In popular culture
In Jean-Luc Godard's La Chinoise (1967), the character Guillaume (Jean-Pierre Léaud) talks about his father who had fought Germans in the war, now ran Club Med resort working along the lines of concentration camps.
The phrase "Club Med- a cheap holiday in other people's misery" appeared as a Situationist slogan, written in graffiti in Paris, May 1968. The phrase was described as a commentary on alienation, domination, and "the false promises of modern life". The slogan was later given a nod to in the opening lyrics of the Sex Pistols song "Holidays in the Sun".[19]

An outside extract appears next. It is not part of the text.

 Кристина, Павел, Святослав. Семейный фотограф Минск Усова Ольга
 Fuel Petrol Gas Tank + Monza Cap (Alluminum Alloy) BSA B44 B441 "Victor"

The Club Med style of vacation was satirized in the 1978 film, Les bronzés (released in English as French Fried Vacation) directed by Patrice Leconte. Sequels Les Bronzés font du ski and Les Bronzés – Amis pour la Vie were released in 1979 and 2006 respectively.
The 1983 film Copper Mountain: A Club Med Experience, starring Jim Carrey and Alan Thicke, is a quasi-commercial for the now-closed Club Med village in the U.S. ski resort at Copper Mountain, Colorado.
On the 1985 album Telephone Free Landslide Victory by the band Camper Van Beethoven is the song "Club Med Sucks"
The 1986 ABC TV movie Club Med stars Jack Scalia and Linda Hamilton as a Club Med manager and guest, respectively, who fall in love.
In 2004, a Korean TV drama broadcast by MBC titled First Love of a Royal Prince was filmed in Club Med Bali, Sahoro, and Bora Bora. In the drama, the main actress, Sung Yu-ri, played Kim Yu Bin, a GO.
Within the United States, minimum security prisons can be referred to as Club Fed.
In 2004, the American comedy team Broken Lizard released a comedy slasher film named Club Dread. In the movie, a paradise resort for young people full of sex, drugs and rock and roll becomes the target of a deranged killer.